November 16, 2015 § 33 Comments

Three days after the attacks in Paris most Americans have done all they will ever do: Shown their solidarity on social media with a cute French flag makeover.

A few people will take things a step farther and forcefully argue their thoughtful opinions. “Bomb those fucking terrorist Arab motherfuckers back into the Stone Age,” is a common refrain. These folks seem not to realize that we’ve done exactly that, and that Stone Age people are remarkably resilient and persistent and inventive. The Stone Agers now have a new country, a fully functioning oil economy, access to international finance, and a modern global media empire with a message that is somewhat more successful in enlisting support than, say, “An Army of 1,” or “Free College Tuition and a $10,000 Signing Bonus and a $100,000 Death Payout for Your Parents.”

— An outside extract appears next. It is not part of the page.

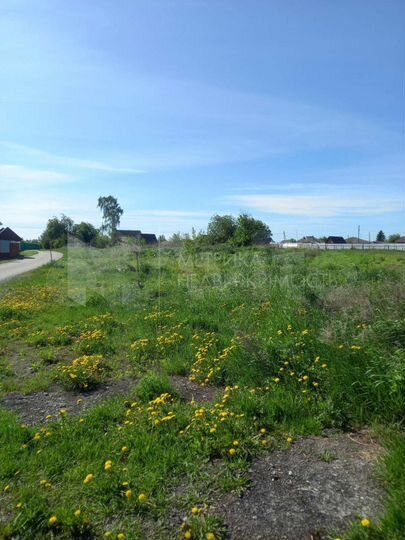 Участок 9 сот. (СНТ, ДНП)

Me? I think it is pretty simple. When you start a war you have to finish it. And if you don’t finish it then you’re still at war. And if you’re still at war the other guy will keep killing your guys. And you’ll keep killing his. Etc.

So how do you finish a war? That too is pretty simple. Someone has to say, “Let’s stop fighting now,” and the other side has to agree. In the old days the guy who said “Let’s stop fighting now,” was the guy getting his ass kicked. He waved a white flag or his army dropped their shit and ran away and the generals signed papers that said “You kicked our butt good my bad how much do I owe you?”

Then people continued on until they got mad again, usually about having lost the previous war, and the whole thing recycled.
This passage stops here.